Гостиница была ультрасовременной. Ночью я пришел в номер, окончательно измученный, и хотел открыть окно, но не смог; я нажимал различные кнопки – шли струи холодного воздуха, вспыхивал и гас свет, кричало радио, а окно не открывалось, Наконец, я свалился, измученный, а утром, проснувшись, кинулся к окну, ругал себя за техническую отсталость, беспомощность. Позвать горничную я не решался – подумают: ну и дикари эти русские! Секретарь посольства нашел меня в пижаме у окна. «Пора на заседание». Я ответил: «Нет, вы откройте окно…» Он попробовал и спокойно вызвал горничную, которая, улыбаясь, обменила: «Окно не открывается – на улице пыль, чистый воздух поступает по трубе». Секретарю это понравилось: «Техника у них замечательная!…» А мне стало неуютно – даже окна нельзя открыть, наверно, таким будет новый век…
Вскоре я понял, что старому европейцу нелегко в Новом Свете.
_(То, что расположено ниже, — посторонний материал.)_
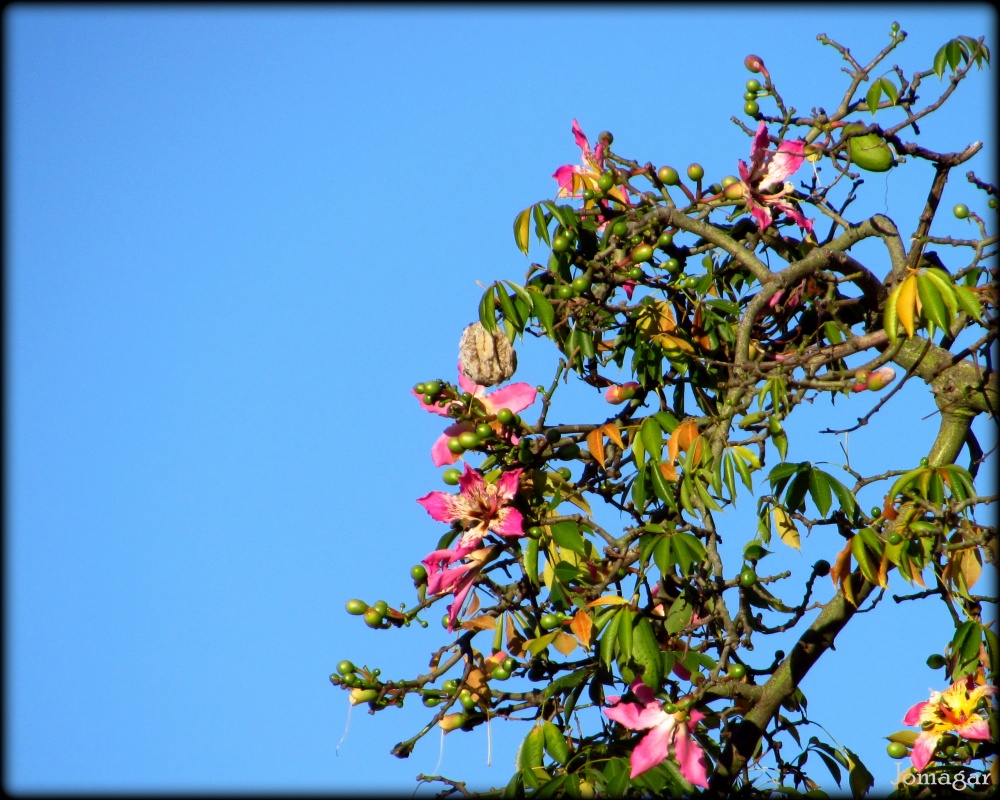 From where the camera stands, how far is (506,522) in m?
2.10

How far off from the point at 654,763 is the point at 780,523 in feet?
1.72

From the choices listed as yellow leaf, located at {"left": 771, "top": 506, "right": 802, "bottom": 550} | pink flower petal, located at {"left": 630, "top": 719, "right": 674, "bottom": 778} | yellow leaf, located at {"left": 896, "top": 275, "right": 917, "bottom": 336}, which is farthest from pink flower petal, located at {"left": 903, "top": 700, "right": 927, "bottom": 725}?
yellow leaf, located at {"left": 896, "top": 275, "right": 917, "bottom": 336}

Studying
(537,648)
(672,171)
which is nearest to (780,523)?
(537,648)

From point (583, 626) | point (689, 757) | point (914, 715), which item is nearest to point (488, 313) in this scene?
point (583, 626)

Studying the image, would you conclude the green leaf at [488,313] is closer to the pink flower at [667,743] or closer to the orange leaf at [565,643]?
the orange leaf at [565,643]

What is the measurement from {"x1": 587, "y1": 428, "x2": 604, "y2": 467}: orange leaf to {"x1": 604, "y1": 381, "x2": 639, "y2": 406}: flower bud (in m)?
0.11

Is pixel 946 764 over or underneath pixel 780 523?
underneath

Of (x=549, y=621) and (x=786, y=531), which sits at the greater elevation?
(x=786, y=531)

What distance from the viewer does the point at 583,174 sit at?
92.4 inches

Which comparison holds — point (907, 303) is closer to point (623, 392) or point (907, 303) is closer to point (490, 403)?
point (623, 392)

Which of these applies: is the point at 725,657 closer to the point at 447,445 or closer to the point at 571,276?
the point at 447,445

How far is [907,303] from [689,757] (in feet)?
2.68

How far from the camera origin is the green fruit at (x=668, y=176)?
2.23 metres

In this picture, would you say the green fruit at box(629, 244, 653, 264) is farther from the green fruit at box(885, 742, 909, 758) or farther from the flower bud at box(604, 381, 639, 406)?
the green fruit at box(885, 742, 909, 758) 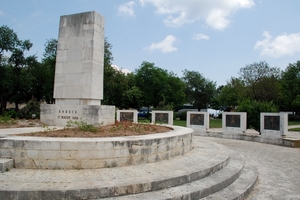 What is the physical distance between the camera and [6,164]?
4914mm

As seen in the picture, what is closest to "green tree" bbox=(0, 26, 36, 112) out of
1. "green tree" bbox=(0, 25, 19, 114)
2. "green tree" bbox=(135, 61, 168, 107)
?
"green tree" bbox=(0, 25, 19, 114)

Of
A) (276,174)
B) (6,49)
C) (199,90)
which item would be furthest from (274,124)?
(199,90)

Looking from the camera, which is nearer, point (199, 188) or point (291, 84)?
point (199, 188)

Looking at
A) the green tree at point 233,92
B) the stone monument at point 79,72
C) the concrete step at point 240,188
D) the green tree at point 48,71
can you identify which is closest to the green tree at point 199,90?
the green tree at point 233,92

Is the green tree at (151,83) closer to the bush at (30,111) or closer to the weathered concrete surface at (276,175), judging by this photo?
the bush at (30,111)

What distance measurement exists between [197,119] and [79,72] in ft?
33.1

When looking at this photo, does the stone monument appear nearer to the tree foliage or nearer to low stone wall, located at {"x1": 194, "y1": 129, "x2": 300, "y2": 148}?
low stone wall, located at {"x1": 194, "y1": 129, "x2": 300, "y2": 148}

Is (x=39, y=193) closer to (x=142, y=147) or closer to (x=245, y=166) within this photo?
(x=142, y=147)

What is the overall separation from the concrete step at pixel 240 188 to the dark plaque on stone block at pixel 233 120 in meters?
8.69

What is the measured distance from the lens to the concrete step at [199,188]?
4234mm

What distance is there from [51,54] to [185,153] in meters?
30.9

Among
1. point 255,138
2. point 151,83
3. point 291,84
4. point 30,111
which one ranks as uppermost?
point 291,84

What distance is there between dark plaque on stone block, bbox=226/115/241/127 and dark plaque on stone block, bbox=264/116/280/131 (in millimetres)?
1570

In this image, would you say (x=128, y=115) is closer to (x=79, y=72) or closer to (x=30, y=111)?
(x=30, y=111) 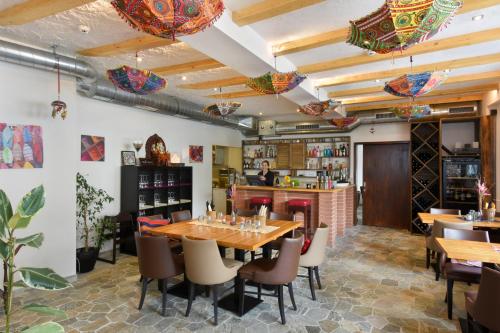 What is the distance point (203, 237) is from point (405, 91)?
3.06m

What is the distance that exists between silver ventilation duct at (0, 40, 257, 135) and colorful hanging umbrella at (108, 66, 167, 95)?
966 mm

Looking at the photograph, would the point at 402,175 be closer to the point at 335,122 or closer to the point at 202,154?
the point at 335,122

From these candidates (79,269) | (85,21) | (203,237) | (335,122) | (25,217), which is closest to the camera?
(25,217)

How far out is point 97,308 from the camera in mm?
3439

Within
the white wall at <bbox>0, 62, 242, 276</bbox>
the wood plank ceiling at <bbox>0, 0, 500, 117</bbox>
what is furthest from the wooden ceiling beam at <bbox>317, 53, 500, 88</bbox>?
the white wall at <bbox>0, 62, 242, 276</bbox>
Симонов наслаждался и невиданным комфортом, и тем, что его военный роман – бестселлер, и тем, что ему тридцать лет. О том, что происходило с М. Р. Галактионовым, я расскажу дальше. Что касается меня, то я боялся оказаться в роли старого брюзги, смотрел, встречался с сотнями людей, колесил по стране, а ночью записывал впечатления, разговоры. Я писал в одной статье: «В жизни человечества Америка заняла видное место, и нельзя понять наш век, не поняв Америки. Ей посвящены сотни од и сотни памфлетов – легко ее превознести или высмеять, труднее ее понять. За сложностью техники порой скрывается душевная простота, а за этой простотой – настоящая человеческая сложность».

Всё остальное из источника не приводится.